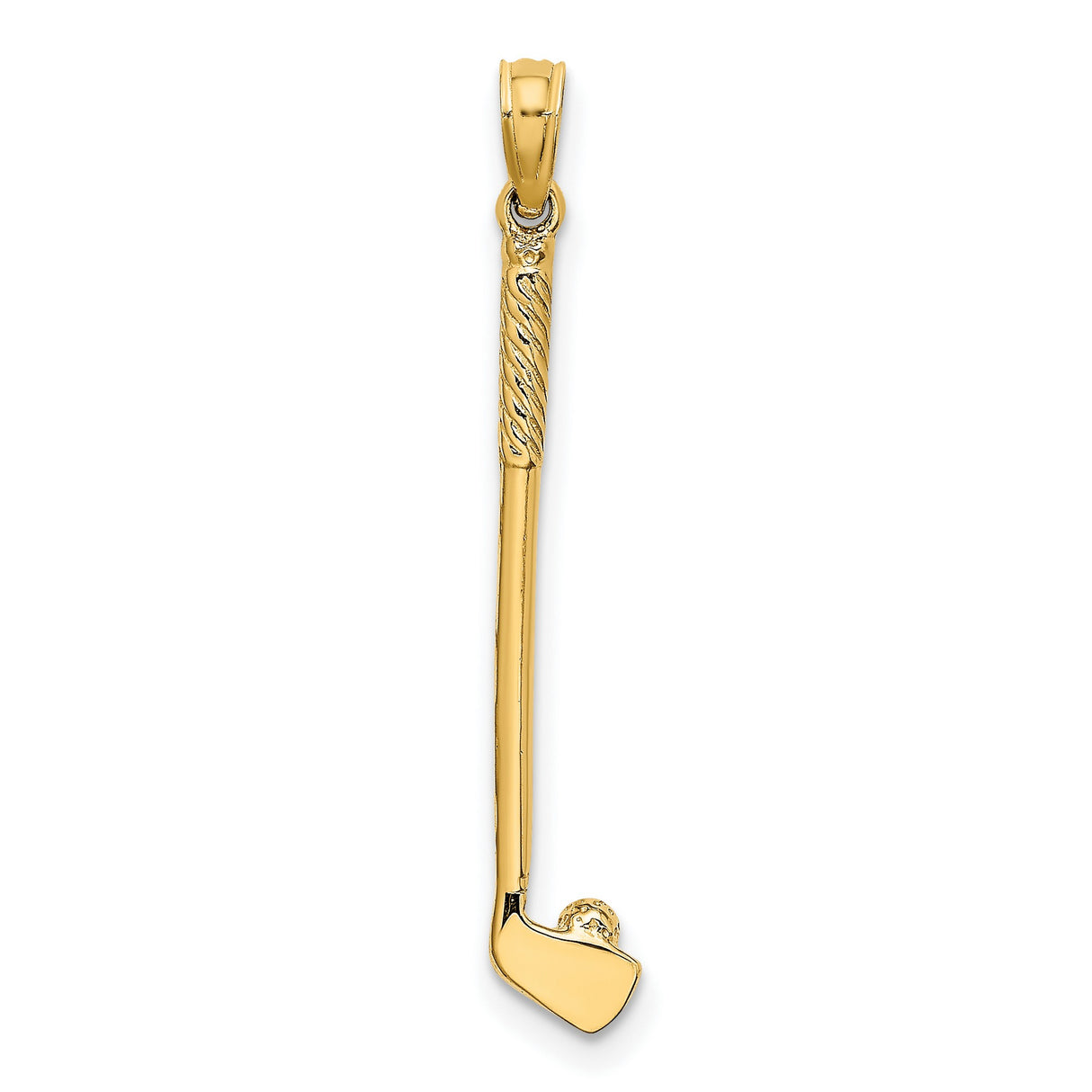 14k Yellow Gold Golf Club Pendant with Ball Detail, Sports Charm for Men or Women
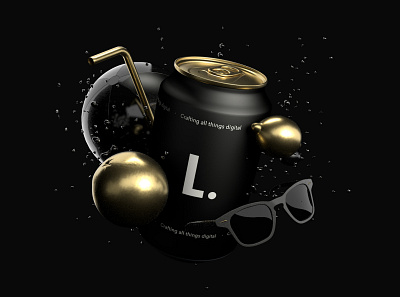 Black and gold summer 3d beer can black c4d cinema4d concept contemporary design digital gold lighting material summertime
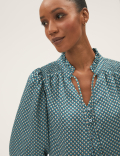 Geometric Tie Neck 3/4 Sleeve Blouse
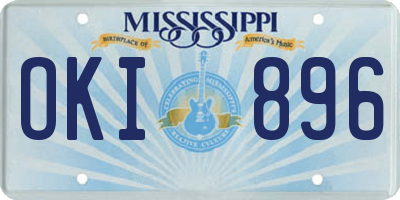 MS license plate OKI896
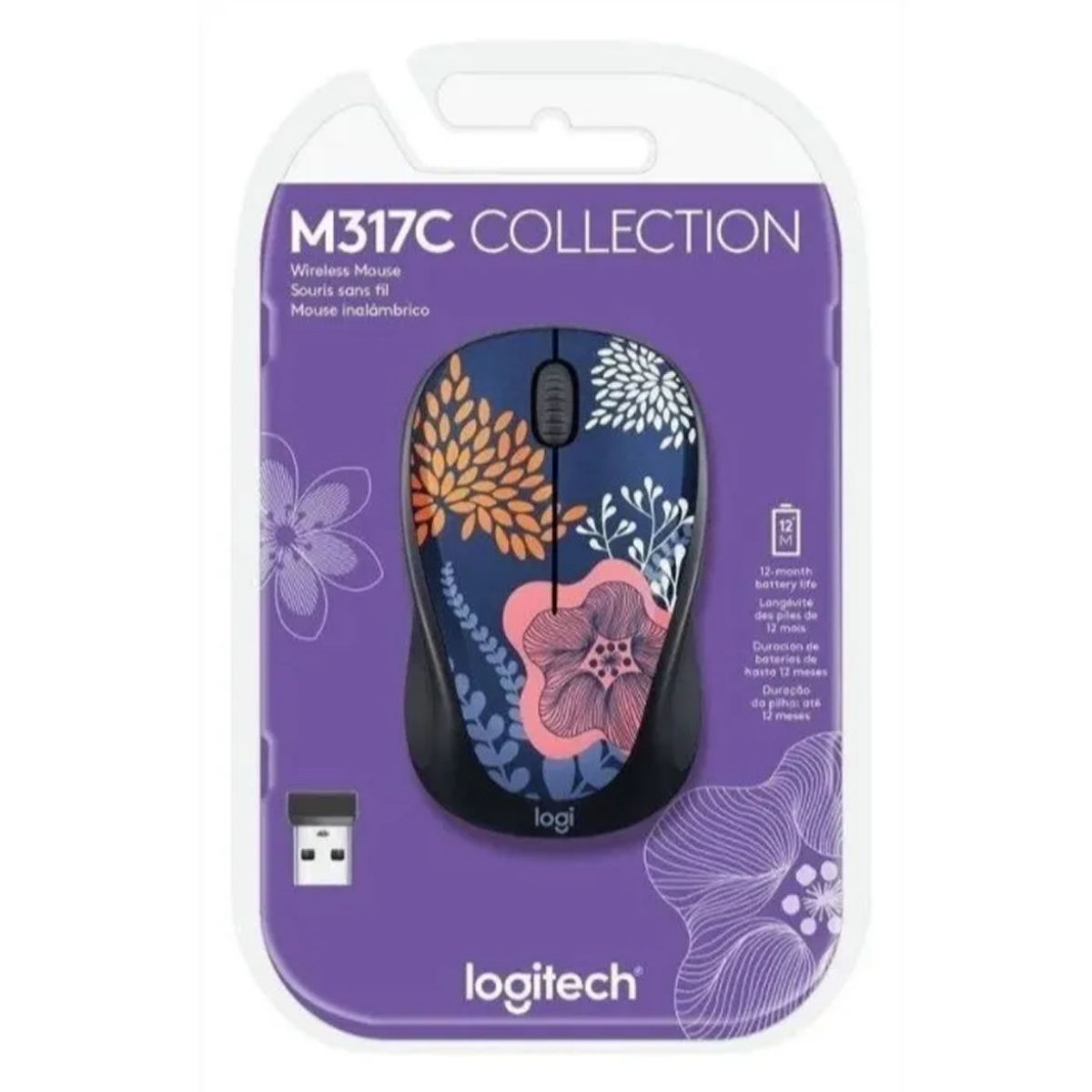 Mouse Inalambrico M317 Forest Floral 1000 DPI Logitech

_____

* What to work on: Print the records above exactly, minus pictures.

* Response to the exercise:
 14k Yellow Gold Golf Club Pendant with Ball Detail, Sports Charm for Men or Women
 Black and gold summer 3d beer can black c4d cinema4d concept contemporary design digital gold lighting material summertime
 Geometric Tie Neck 3/4 Sleeve Blouse
 MS license plate OKI896
 Mouse Inalambrico M317 Forest Floral 1000 DPI Logitech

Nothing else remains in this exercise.